Si Ted Chiang et Clive Barker collaboraient sur un scénario filmé par John Carpenter pour la série Supernatural, le résultat ressemblerait à ce roman.
La référence au cinéaste américain n’est pas fortuite. Escape from Hell !, titre original du livre, évoque clairement Escape from New York — en français New York 1997 (et pour les plus jeunes d’entre vous : non, il ne s’agit pas d’un film historique). Duncan pousse l’hommage jusqu’à reprendre la structure même du film : il s’agit bien de fuir un lieu clos, une vaste prison.
L’intrigue suit quatre personnes : un clochard, Eli (l’allusion au prophète biblique n’est pas innocente), une pute, Belle, un tueur à gages, Seven (merci David Fincher ; rappelons que ce film-là se basait sur les sept péchés capitaux) et un jeune gay, Matthew (forme anglaise du nom de l’Evangéliste qu’on appelle en français Matthieu). Morts de mort violente, ils ont abouti, par un même bac, en Enfer.

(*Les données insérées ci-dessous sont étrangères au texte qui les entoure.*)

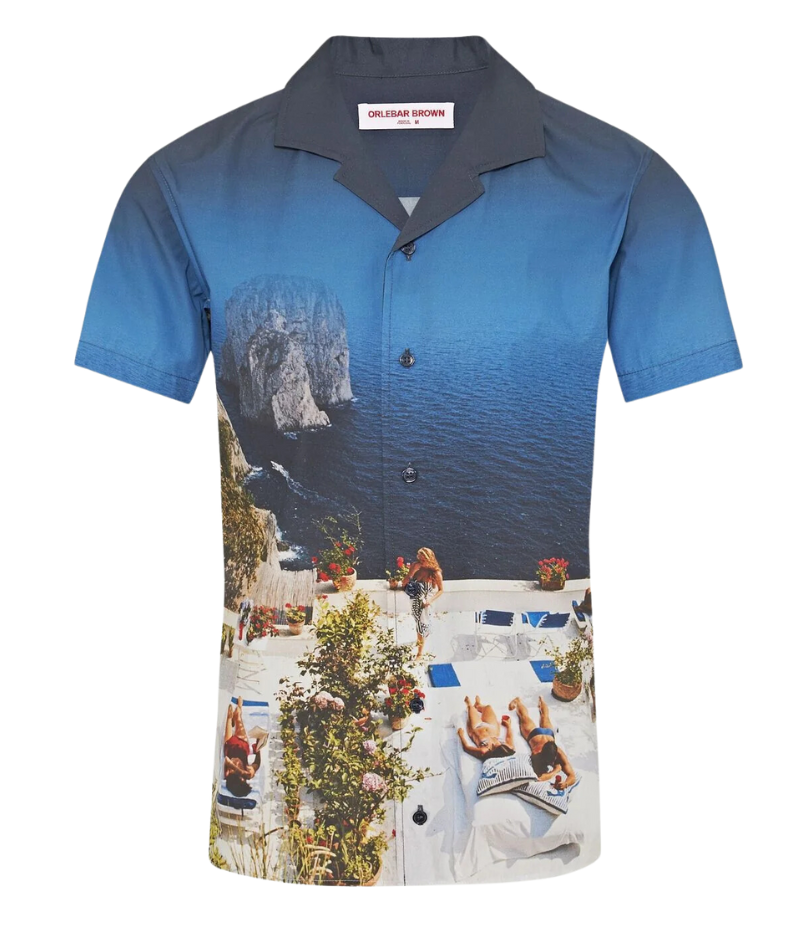 A statement short-sleeve shirt featuring an exclusive Slim Aarons photographic print of sunbathers at Villa Il Canille, a classic fit, Capri collar, and imitation mother-of-pearl buttons.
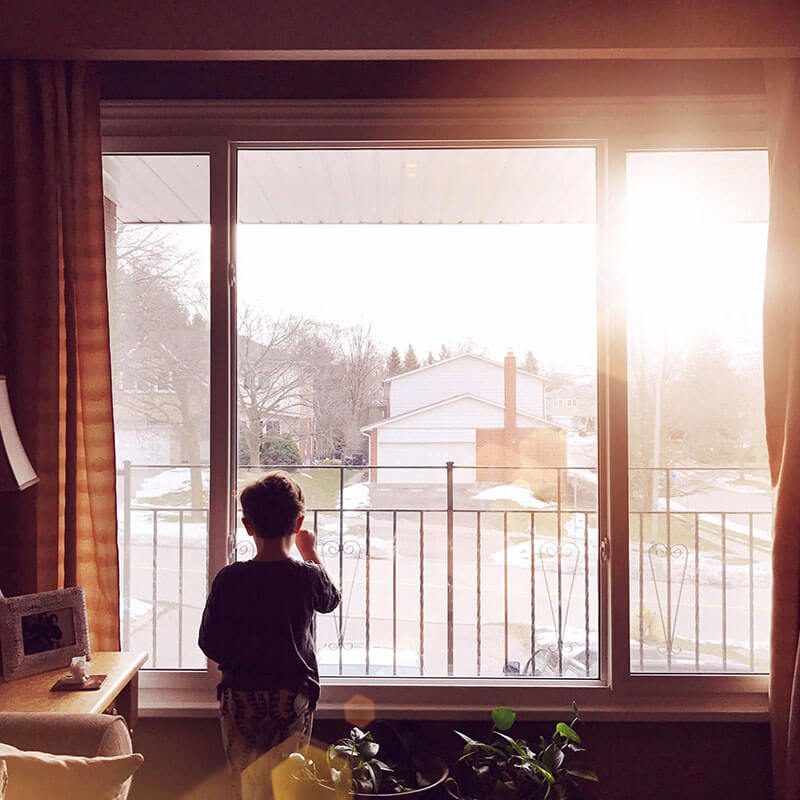 Photo of little boy in front of window from Days at Home album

Pourquoi sont-ils là ? Pour un mécréant comme moi (et, j’imagine, Hal Duncan), seul Seven paraît justement condamné — Eli s’est suicidé après avoir perdu sa famille, son travail, bref, effectué sa propre descente aux enfers, Belle est une victime avant tout, et Matthew a pour seul tort d’aimer les garçons. Mais de fait, selon une lecture littérale de la Bible, ils méritent tous leur châtiment.
Et l’Enfer décrit n’a rien de commun avec la vision quasi-romantique que peuvent offrir des traitements aussi différents que la mythologie gréco-romaine, l’œuvre de Dante ou le Manuel des plans de ce bon vieux D&D. Non, le Monde souterrain croqué au fusain et au sang par l’écrivain écossais ressemble au nôtre, en un peu plus cruel, injuste et vulgaire. On y « soigne » Matthew. Eli découvre qu’il comprend des exclus. Belle s’y retrouve violée à répétition, et exploitée par un flic ripou. Et Seven… passons. Quant à l’équivalent halluciné de la téléréalité dans cet univers-là, il faut le voir (pardon, le lire) pour le croire.
Nos quatre protagonistes, qui révolté, qui pressé par le hasard, vont unir leurs forces pour s’échapper. Chemin faisant, ils dénicheront un allié de poids et découvriront l’identité du vrai maître des Enfers. J’avoue : j’en ai ri de plaisir.
Ludique et barré, mais ciselé et plus profond qu’il n’y parait, Evadés de l’enfer ! a la séduction canaille. Duncan lui prévoit deux suites. Prions (si j’ose dire) pour qu’il leur donne bientôt chair et encre.